Your instructions: What you submit must be an exact copy of the listing below, with no images in it.

Data shown:
....

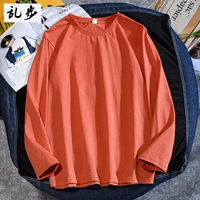 Кирпично красный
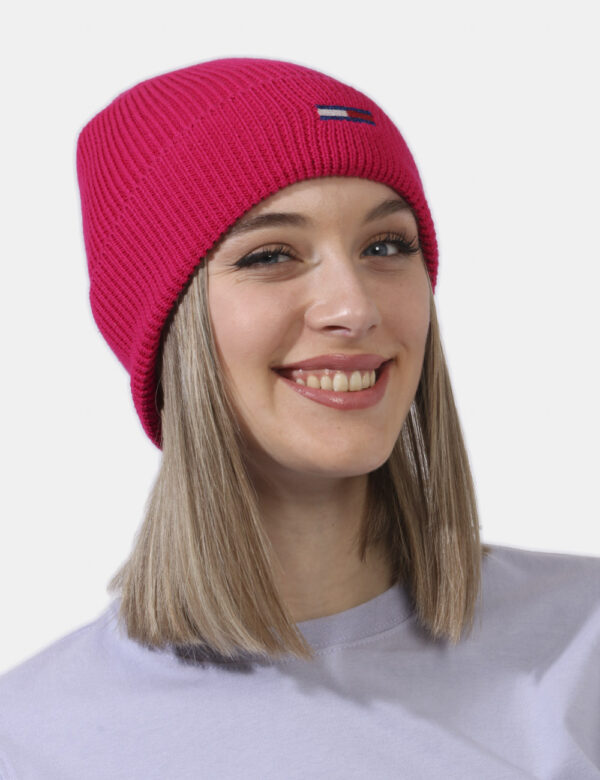 Cappello Tommy Hilfiger fucsia - COMPOSIZIONE E VESTIBILITÀ:50% acrilico 50% cotoneCONSIGLI DI STILE:Cappello modello berret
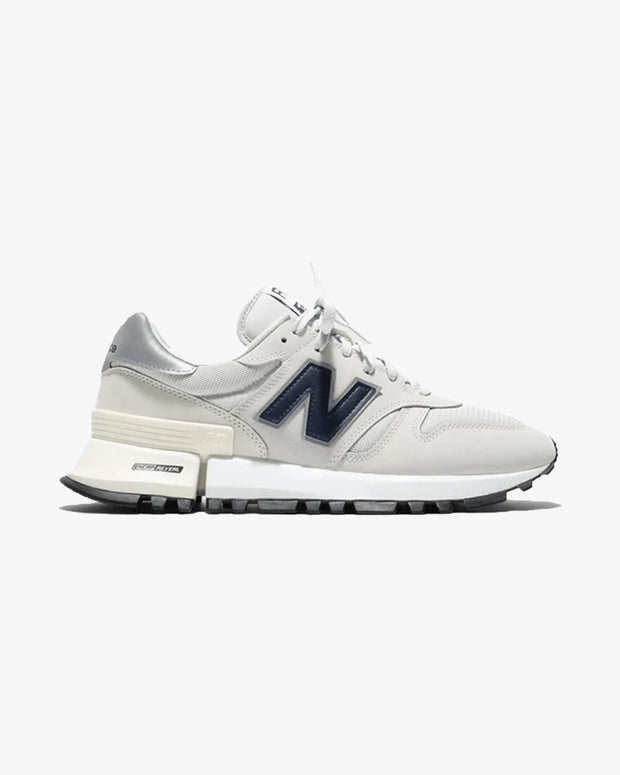 NEW BALANCE R_C1300 GREY -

....

Task solution:
 Кирпично красный
 Cappello Tommy Hilfiger fucsia - COMPOSIZIONE E VESTIBILITÀ:50% acrilico 50% cotoneCONSIGLI DI STILE:Cappello modello berret
 NEW BALANCE R_C1300 GREY -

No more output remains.